What to do = Take the material below and reproduce, word for word, only the lines from the line with "Motorcycle action photographs;Rockingham;Rockingham" through the line with "4000 W WALLACE AVE".

Material to process =
------------------------------------------------------------------------

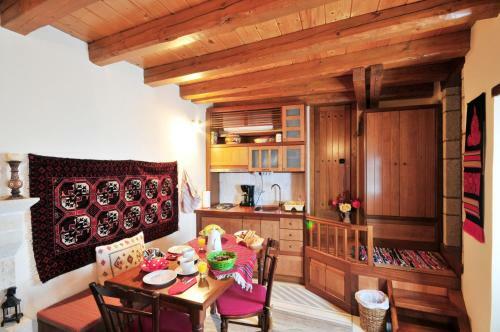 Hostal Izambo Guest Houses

------------------------------------------------------------------------

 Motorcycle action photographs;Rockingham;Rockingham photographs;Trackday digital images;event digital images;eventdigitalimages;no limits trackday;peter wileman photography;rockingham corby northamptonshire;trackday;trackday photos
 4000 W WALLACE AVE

------------------------------------------------------------------------

Exercise result =
 Motorcycle action photographs;Rockingham;Rockingham photographs;Trackday digital images;event digital images;eventdigitalimages;no limits trackday;peter wileman photography;rockingham corby northamptonshire;trackday;trackday photos
 4000 W WALLACE AVE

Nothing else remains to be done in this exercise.